(How to complete this task) Set every record down again exactly. Do not carry over the pictures.

====

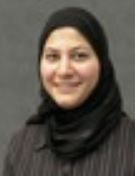 Nadia Ahmed
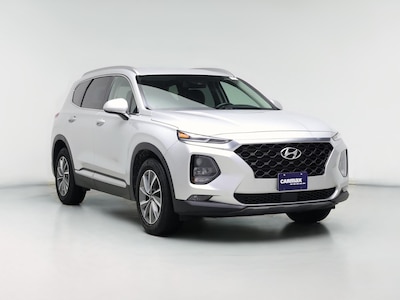 2019 Hyundai Santa Fe SEL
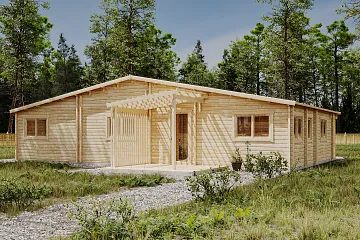 Dom letniskowy NYSA VSP5.1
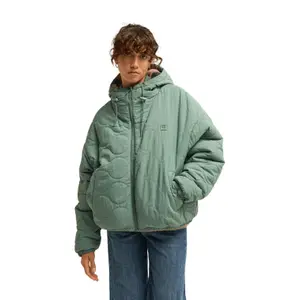 Women's down jacket Billabong Fall Camper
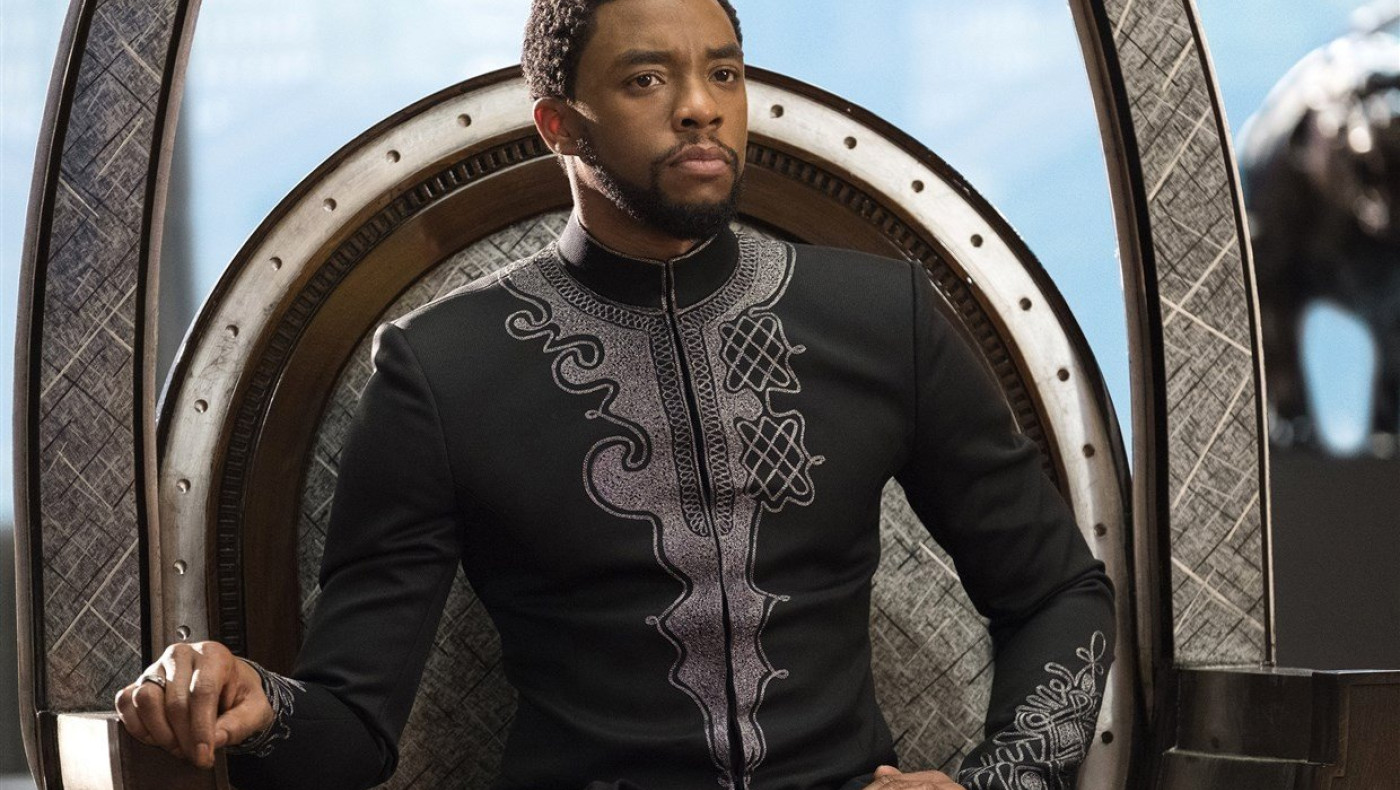 Πέθανε ο πρωταγωνιστής του Black Panther Chadwick Boseman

====

(Answer to the exercise)
 Nadia Ahmed
 2019 Hyundai Santa Fe SEL
 Dom letniskowy NYSA VSP5.1
 Women's down jacket Billabong Fall Camper
 Πέθανε ο πρωταγωνιστής του Black Panther Chadwick Boseman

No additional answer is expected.